Task input START

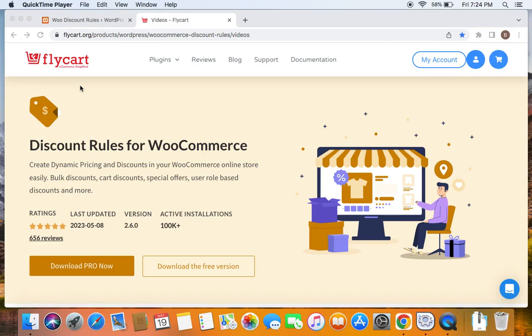Hello everybody, this is Benita and welcome back to my tutorial series on WooCommerce discounts. Today we're going to learn how to create collections and use them for advanced discounts in the Discount Rules Pro for WooCommerce.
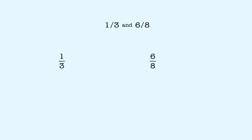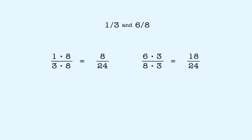One common denominator is the product of three and eight, or twenty-four. In this case, both fractions would need to be rewritten with a common denominator of twenty-four. This gives us eight twenty-fourths and eighteen twenty-fourths.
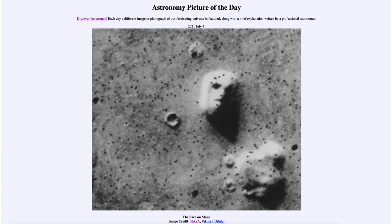It is titled The Face on Mars. This is a famous picture showing apparently a face on the surface of Mars. The image was taken by the Viking 1 orbiter in the 1970s as they were looking for good places for the Viking mission landers to land. People have thought for a long time that this is evidence that life once existed on Mars — however, that is definitely not the case and there really is no face visible here.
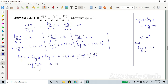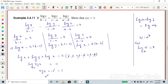Since log(xyz) is equal to 0, this means xyz equals 10 to the power of 0. Since anything to the power of 0 is 1, our answer is xyz equals 1. The proof is complete. Thank you.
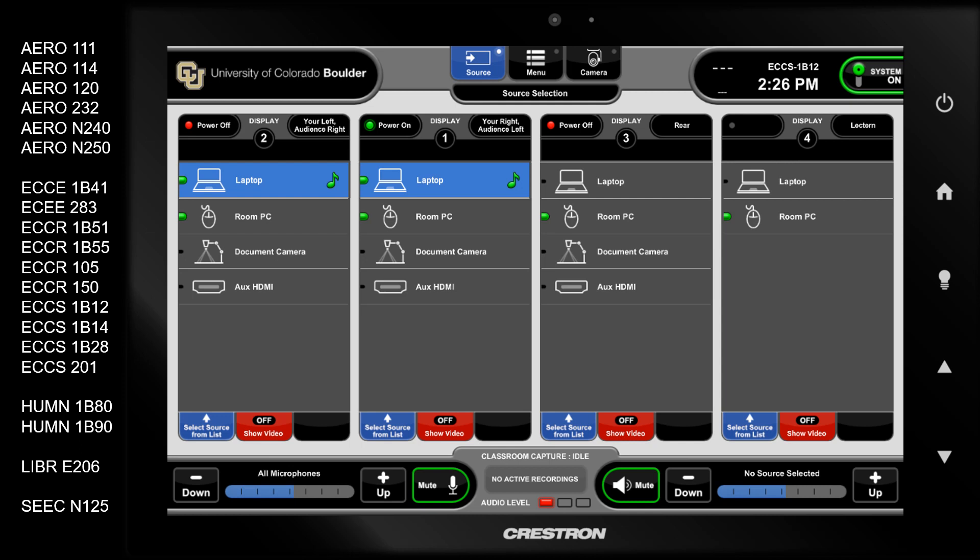The list of classrooms on the left have dedicated in-room computers. If you are using your laptop to run the video conferencing meeting in one of these rooms, you will need to select Laptop for Display 4 on the touch panel. If this is not done, the AV-Bridge will default to the in-room computer.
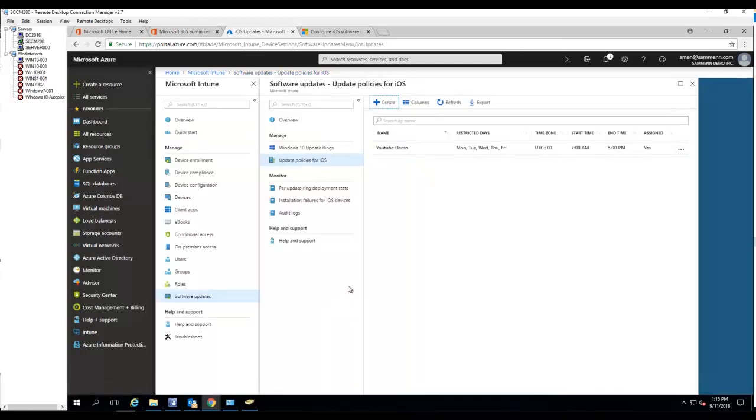So that's how you deploy updates for, that's how you create policy updates for iOS devices. That's it. Thank you for watching and have a good day.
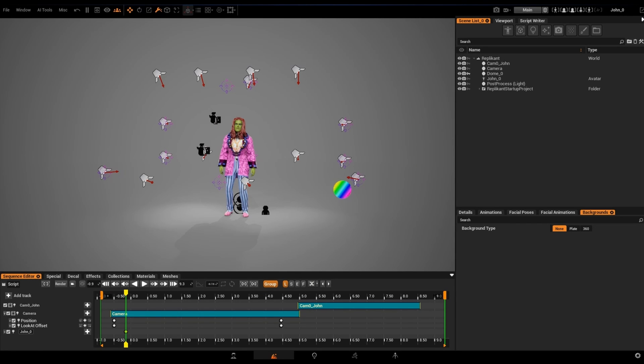Hi there. In this video I'll be showing you one of the coolest AI tools that we've just implemented in Replicant, the AI Background Creator.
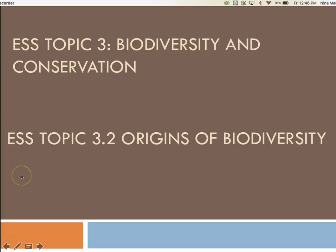This presentation covers IBESS topic 3.2, Origins of Biodiversity, under the main topic 3, Biodiversity and Conservation.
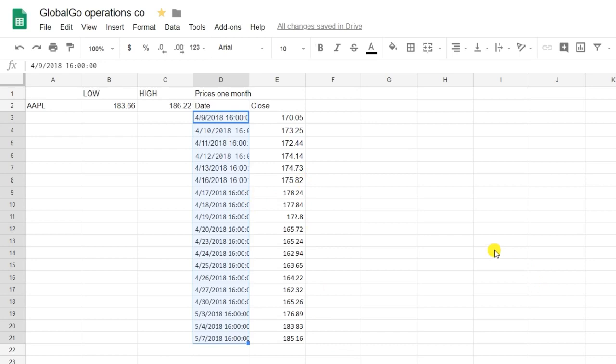This is how I use the Google Finance formula. Thank you for your time. If you like the video, please give it a thumbs up. Goodbye.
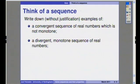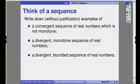Next, I'd like you to think of an example of a divergent sequence of real numbers which is monotone. And next, I'd like you to think of a divergent sequence of real numbers which is bounded.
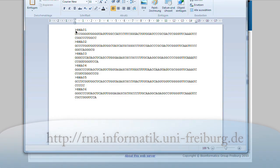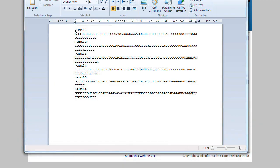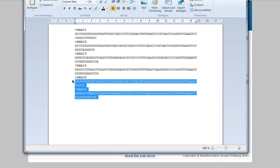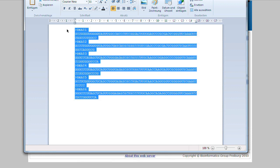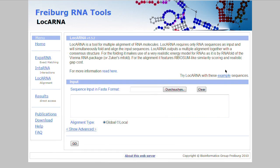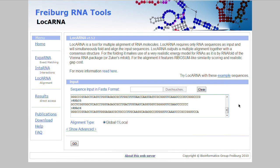I already prepared a bunch of sequences in this text file. By the way, the last two sequences were exactly the two we've seen in the animation in the introduction at the beginning. I now just copy all of them with CTRL-C and paste them into this field.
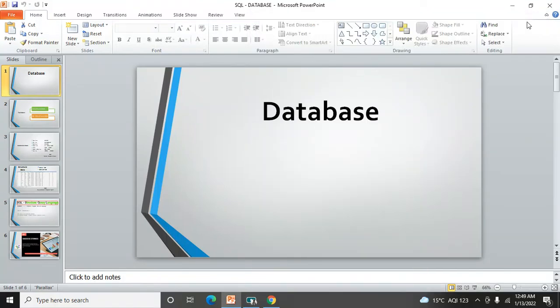Hi, welcome to my channel. I'm Mangesh, and today I'm going to cover a lecture on SQL - why we need to learn SQL and what is the use of SQL. Let's focus on this video, guys. It will help you understand.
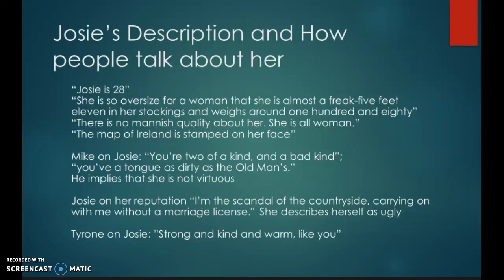Jim Tyrone, who feels a different way than Mike does about Josie, says, 'She is strong and kind and warm like you.' He's describing someone else, but it is a parallel — a metaphor for who Josie is. And so you have these two different descriptions. Which one is true? Well, her actions tell us more about that than just what the words tell us.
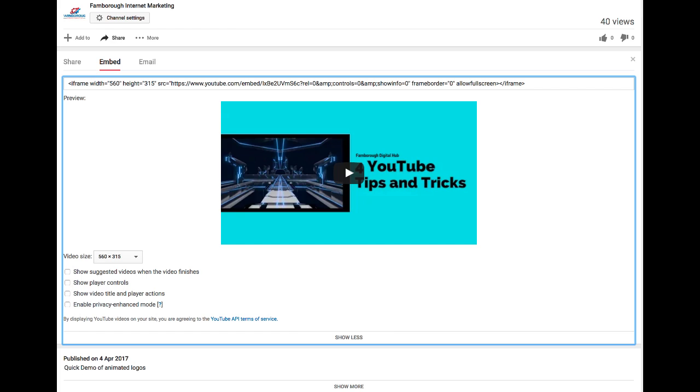Make sure you've unchecked the show suggested videos when the video finishes box. Personally I make sure all the boxes are unchecked as I want the video to stand on its own without distraction.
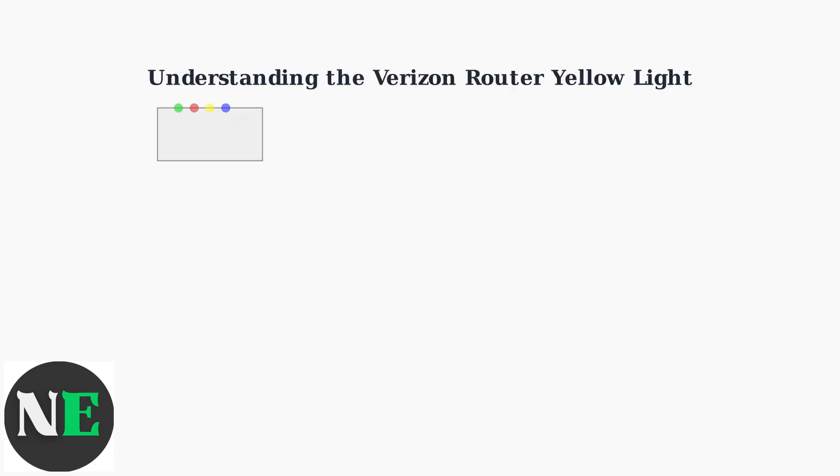The yellow light on your Verizon router, especially on Fios gateways, indicates a connectivity problem between your router and Verizon's network.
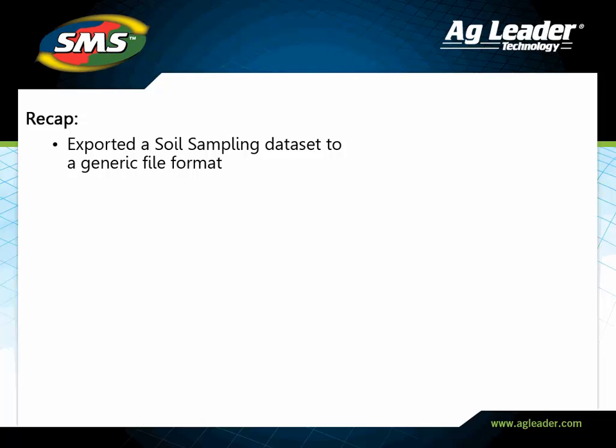You have now exported a soil sampling data set from your management tree to a generic file format. Please review the other tutorials to learn how to utilize other key features of the software.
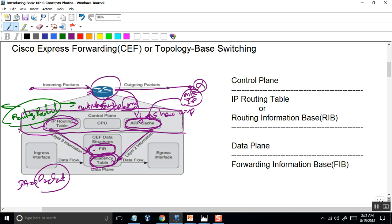The data plane is divided by the FIB. So if you have a destination, you will see where the FIB is taking the destination and they look at it here. The FIB will take the destination to the next hop. If you are interested in the information, the solution is to package the interface and address the interface.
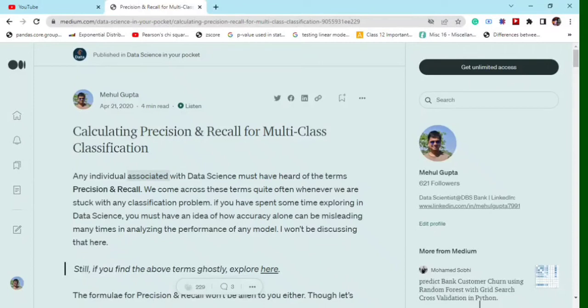Today we will be discussing how to calculate precision and recall for multi-class problems. Most of the time we have used them just for binary classification problems. But when the problem involves multiple classes rather than a binary class, we must know how precision and recall are calculated.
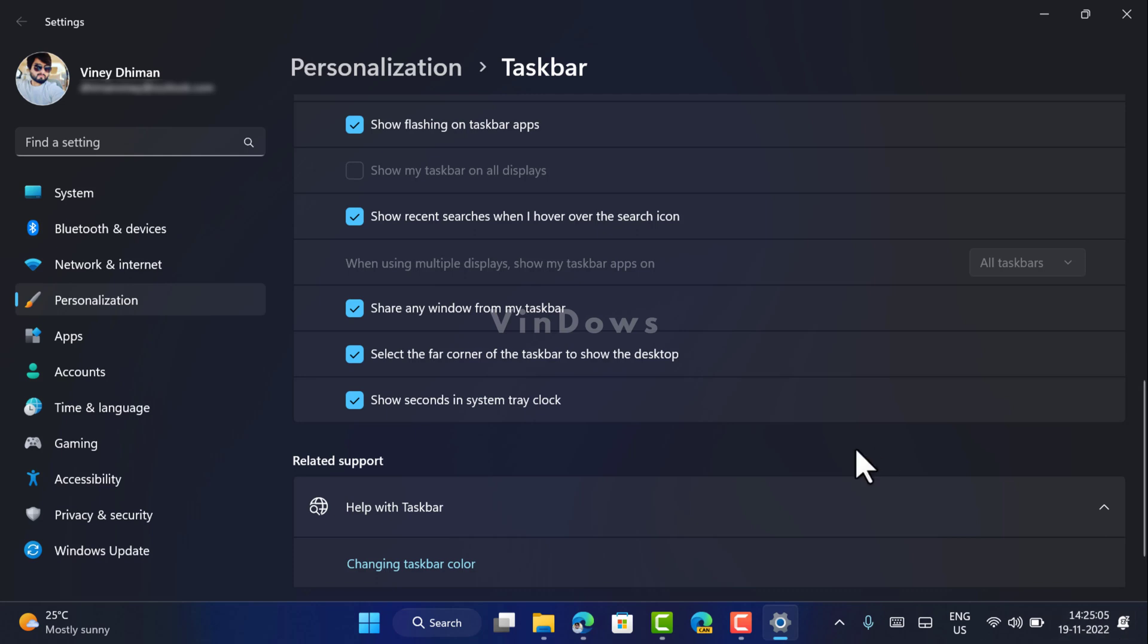So that's it guys. In case show seconds in system tray clock option is missing for you, then you can check the video in the description to add the same option.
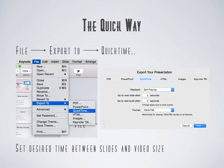Now the quick way is just to export the entire presentation as is. And to do that, you go to File, then Export To, and then QuickTime. And then set your desired time between the slides and your video size.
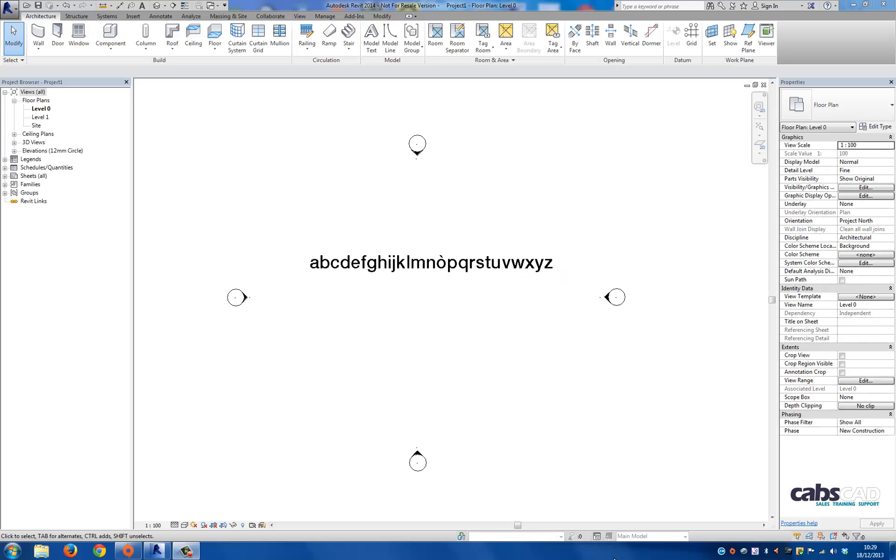Hi, my name's Nabil and welcome to this tutorial on how to create special characters within text in Revit. So let's begin.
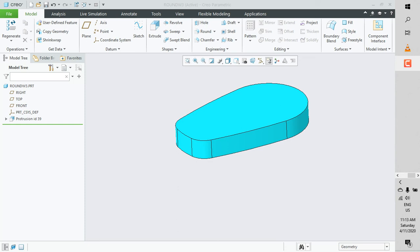Hello friends, this is Rasesh, and today I am going to demonstrate a certain capability of creating fillets or rounds in Creo Parametric.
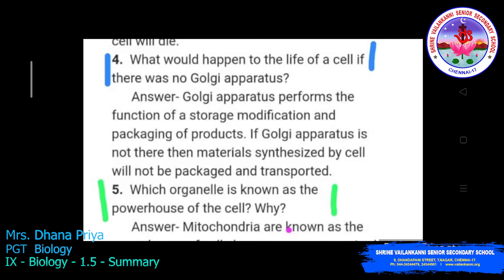Next question: What would happen to the life of a cell if there was no Golgi apparatus? The Golgi apparatus performs the functions of storage, modification, and packaging of products. If the Golgi apparatus is not there, then the material synthesized by the cell will not be packaged and transported.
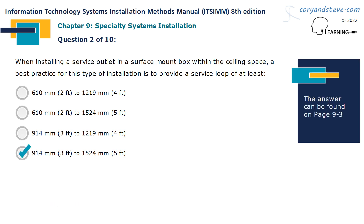When installing a service outlet in a surface mount box within the ceiling space, a best practice for this type of installation is to provide a service loop of at least 914 millimeters (3 feet) to 1524 millimeters (5 feet).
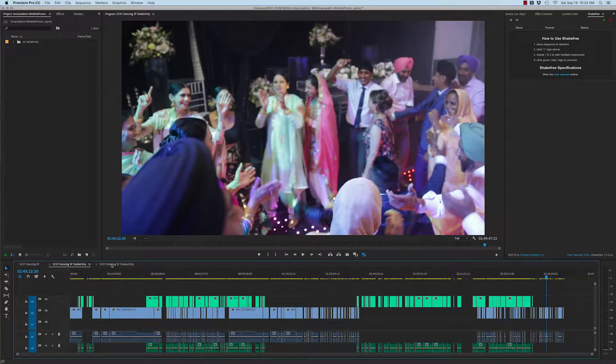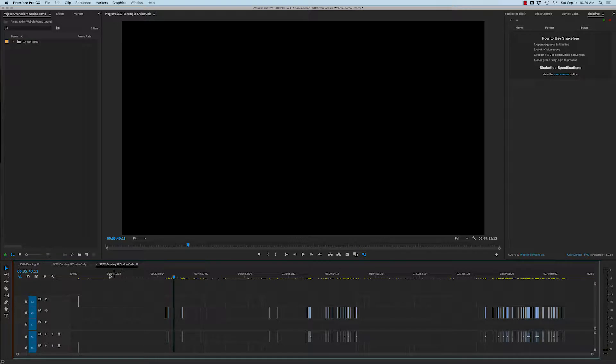Now there were a couple tiny shakes back here and those are what we call borderline cases. Sometimes ShakeFree allows borderline cases through so that you, the editor, have the choice.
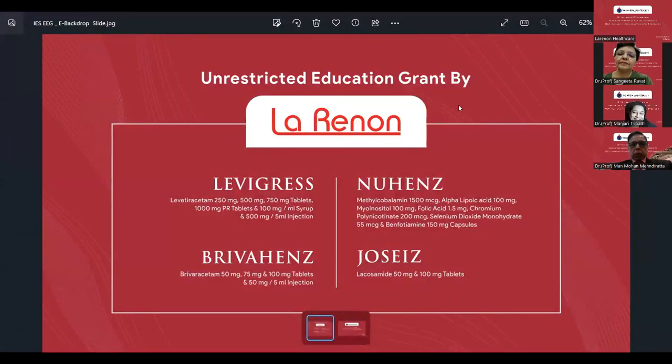Will the recorded video be available at a later date? We are recording the sessions and with the permission of the speakers, we will edit the same to remove extra portions in the beginning and the end. We should be able to upload the link to the website of the Indian Epilepsy Society, or send to all participants who have participated, so that they get the maximum benefit.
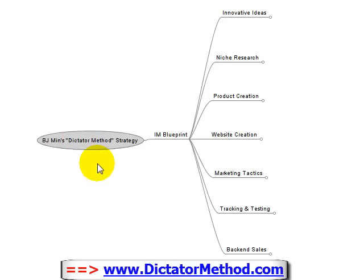Hi, my name is BJ Minn from dictatormethod.com. There are many ways of making money online, and if you're watching this video you've probably seen other videos advertising their own method. I'm sure if you use those methods you will make money online, but my general philosophy is that if you're serious about making money on the internet, I highly recommend that you choose one method.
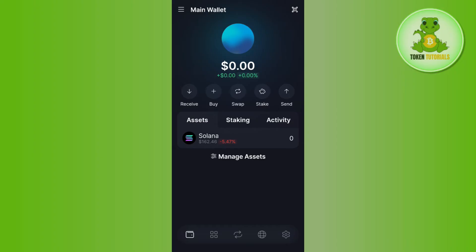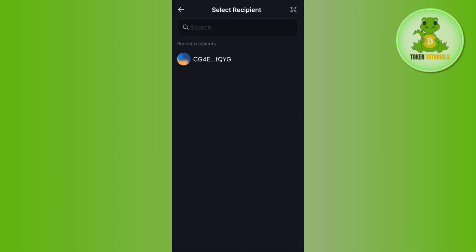So in this situation, what you need to do is simply withdraw your Solana or any other assets into an exchange that you can link your bank account with. For example, if you want to withdraw your Solana from Solflare wallet to Binance, you just have to tap on the send button, then paste the address in this section, and on the next page enter the amount of Solana you want to withdraw.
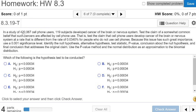The problem states: in a study of 420,067 cell phone users, 119 subjects developed cancer of the brain or nervous system. We want to test the claim that such cancers are affected by cell phone use — specifically, that cell phone users develop cancer of the brain or nervous system at a rate different from the rate of 0.0340% for people who don't use cell phones. Use a significance level of .001.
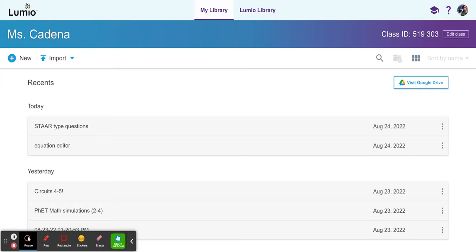In this video, I will show you how to create drag and drop type questions in Lumio.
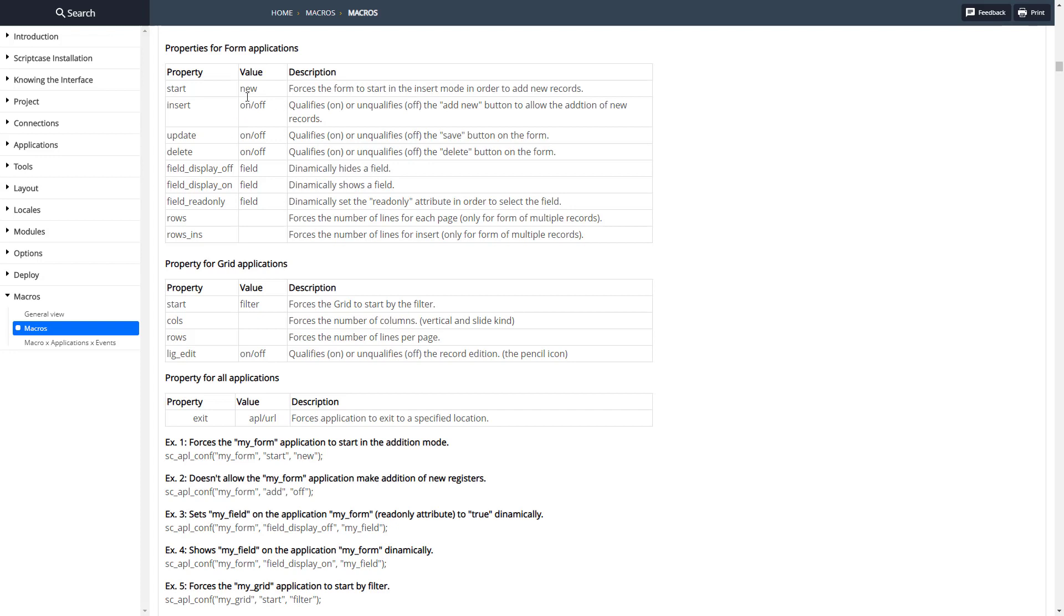So that's how you use the sc-apl-conf macro to change an application's properties. As you can see, we have a lot of different settings here that we can change. We couldn't get to them all in this video but they're all pretty self-explanatory once you find out how to do a couple of them.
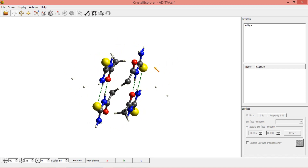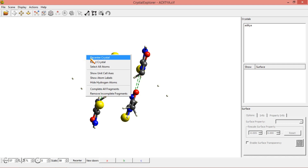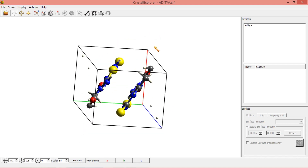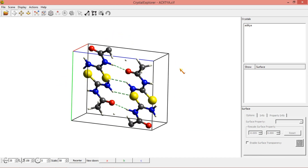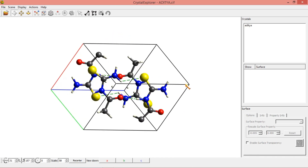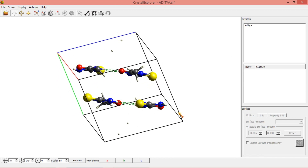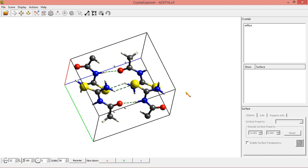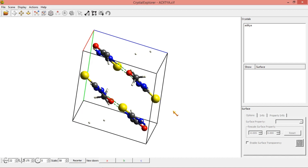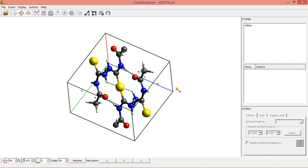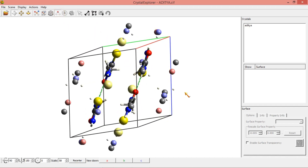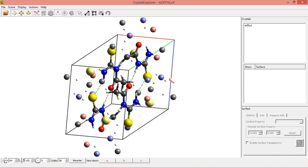I am showing the unit cell axes here. In a unit cell, you can see how many molecules are present in the intramolecular arrangement. If I want to increase this cell, I am clicking again and we can increase this.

Task input END

**Directions for this task**. Word for word, write out the lines above running from the one with "Next, I'd like you to think of an" up to and including the one with "The yellow light". Drop any picture.

**Finished exercise**.
Next, I'd like you to think of an example of a divergent sequence of real numbers which is monotone. And next, I'd like you to think of a divergent sequence of real numbers which is bounded.
I already prepared a bunch of sequences in this text file. By the way, the last two sequences were exactly the two we've seen in the animation in the introduction at the beginning. I now just copy all of them with CTRL-C and paste them into this field.
Hi, welcome to my channel. I'm Mangesh, and today I'm going to cover a lecture on SQL - why we need to learn SQL and what is the use of SQL. Let's focus on this video, guys. It will help you understand.
Jim Tyrone, who feels a different way than Mike does about Josie, says, 'She is strong and kind and warm like you.' He's describing someone else, but it is a parallel — a metaphor for who Josie is. And so you have these two different descriptions. Which one is true? Well, her actions tell us more about that than just what the words tell us.
Make sure you've unchecked the show suggested videos when the video finishes box. Personally I make sure all the boxes are unchecked as I want the video to stand on its own without distraction.
The yellow light on your Verizon router, especially on Fios gateways, indicates a connectivity problem between your router and Verizon's network.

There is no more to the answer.